### PROMPT
Of the records that follow, copy only the lines from the line containing "Teepee Birthday Party" to the line containing "Luxury Lipstick Trio", both included, exactly as written.

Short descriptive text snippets
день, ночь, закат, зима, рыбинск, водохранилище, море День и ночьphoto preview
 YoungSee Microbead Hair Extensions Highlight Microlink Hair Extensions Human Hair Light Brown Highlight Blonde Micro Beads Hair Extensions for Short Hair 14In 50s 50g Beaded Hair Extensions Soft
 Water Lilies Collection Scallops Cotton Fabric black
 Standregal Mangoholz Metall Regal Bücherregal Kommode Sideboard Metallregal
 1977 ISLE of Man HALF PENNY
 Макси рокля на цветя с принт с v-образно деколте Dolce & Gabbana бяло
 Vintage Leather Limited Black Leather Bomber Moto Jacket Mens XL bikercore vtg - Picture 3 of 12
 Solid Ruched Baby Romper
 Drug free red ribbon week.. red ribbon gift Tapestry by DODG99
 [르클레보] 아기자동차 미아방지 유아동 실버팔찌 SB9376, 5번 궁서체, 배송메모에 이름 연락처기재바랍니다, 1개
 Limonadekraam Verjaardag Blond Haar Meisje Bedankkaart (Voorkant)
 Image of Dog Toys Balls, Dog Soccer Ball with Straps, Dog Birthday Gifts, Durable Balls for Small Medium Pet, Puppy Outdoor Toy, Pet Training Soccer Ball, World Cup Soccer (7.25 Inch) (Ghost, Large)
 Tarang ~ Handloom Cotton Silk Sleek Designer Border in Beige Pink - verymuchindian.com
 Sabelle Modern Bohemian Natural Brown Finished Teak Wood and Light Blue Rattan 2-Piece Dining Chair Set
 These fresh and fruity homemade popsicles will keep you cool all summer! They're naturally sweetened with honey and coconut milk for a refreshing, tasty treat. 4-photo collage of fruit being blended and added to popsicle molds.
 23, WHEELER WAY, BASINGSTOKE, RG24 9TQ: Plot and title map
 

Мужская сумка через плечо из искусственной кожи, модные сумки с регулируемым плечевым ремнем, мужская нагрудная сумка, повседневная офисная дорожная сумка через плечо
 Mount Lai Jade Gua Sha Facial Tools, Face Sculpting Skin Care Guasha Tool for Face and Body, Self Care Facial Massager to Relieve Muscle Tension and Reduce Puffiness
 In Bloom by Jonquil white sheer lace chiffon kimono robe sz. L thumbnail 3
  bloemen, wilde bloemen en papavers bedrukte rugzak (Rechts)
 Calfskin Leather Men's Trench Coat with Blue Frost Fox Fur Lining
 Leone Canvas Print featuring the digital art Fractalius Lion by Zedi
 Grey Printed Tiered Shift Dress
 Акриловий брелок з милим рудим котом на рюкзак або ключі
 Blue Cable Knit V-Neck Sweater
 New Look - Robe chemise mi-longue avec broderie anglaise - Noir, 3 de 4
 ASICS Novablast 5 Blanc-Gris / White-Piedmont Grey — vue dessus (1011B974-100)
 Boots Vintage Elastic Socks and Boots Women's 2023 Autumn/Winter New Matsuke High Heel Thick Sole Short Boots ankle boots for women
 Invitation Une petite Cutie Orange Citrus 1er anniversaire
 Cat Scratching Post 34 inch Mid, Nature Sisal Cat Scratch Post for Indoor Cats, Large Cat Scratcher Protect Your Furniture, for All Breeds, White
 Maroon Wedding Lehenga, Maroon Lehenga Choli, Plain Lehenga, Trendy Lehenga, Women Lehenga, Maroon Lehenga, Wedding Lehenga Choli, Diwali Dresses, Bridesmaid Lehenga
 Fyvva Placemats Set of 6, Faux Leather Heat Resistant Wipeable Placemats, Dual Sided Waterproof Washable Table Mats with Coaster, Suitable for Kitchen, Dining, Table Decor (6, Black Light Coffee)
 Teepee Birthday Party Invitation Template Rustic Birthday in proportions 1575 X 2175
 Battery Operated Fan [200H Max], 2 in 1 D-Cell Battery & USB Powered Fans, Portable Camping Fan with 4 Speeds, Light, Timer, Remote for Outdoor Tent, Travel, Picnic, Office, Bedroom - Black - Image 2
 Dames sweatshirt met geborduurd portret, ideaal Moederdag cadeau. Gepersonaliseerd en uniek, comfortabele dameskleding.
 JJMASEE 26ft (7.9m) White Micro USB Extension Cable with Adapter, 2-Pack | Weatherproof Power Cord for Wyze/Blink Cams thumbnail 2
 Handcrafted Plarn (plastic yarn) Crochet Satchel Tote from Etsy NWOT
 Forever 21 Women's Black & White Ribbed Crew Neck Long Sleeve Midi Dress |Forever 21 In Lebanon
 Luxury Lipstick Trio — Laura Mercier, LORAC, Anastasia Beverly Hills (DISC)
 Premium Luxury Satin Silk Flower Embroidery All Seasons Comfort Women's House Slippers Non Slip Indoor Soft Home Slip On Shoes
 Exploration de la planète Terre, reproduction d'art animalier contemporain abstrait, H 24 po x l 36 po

### SOLUTION TO THIS EXERCISE
 Teepee Birthday Party Invitation Template Rustic Birthday in proportions 1575 X 2175
 Battery Operated Fan [200H Max], 2 in 1 D-Cell Battery & USB Powered Fans, Portable Camping Fan with 4 Speeds, Light, Timer, Remote for Outdoor Tent, Travel, Picnic, Office, Bedroom - Black - Image 2
 Dames sweatshirt met geborduurd portret, ideaal Moederdag cadeau. Gepersonaliseerd en uniek, comfortabele dameskleding.
 JJMASEE 26ft (7.9m) White Micro USB Extension Cable with Adapter, 2-Pack | Weatherproof Power Cord for Wyze/Blink Cams thumbnail 2
 Handcrafted Plarn (plastic yarn) Crochet Satchel Tote from Etsy NWOT
 Forever 21 Women's Black & White Ribbed Crew Neck Long Sleeve Midi Dress |Forever 21 In Lebanon
 Luxury Lipstick Trio — Laura Mercier, LORAC, Anastasia Beverly Hills (DISC)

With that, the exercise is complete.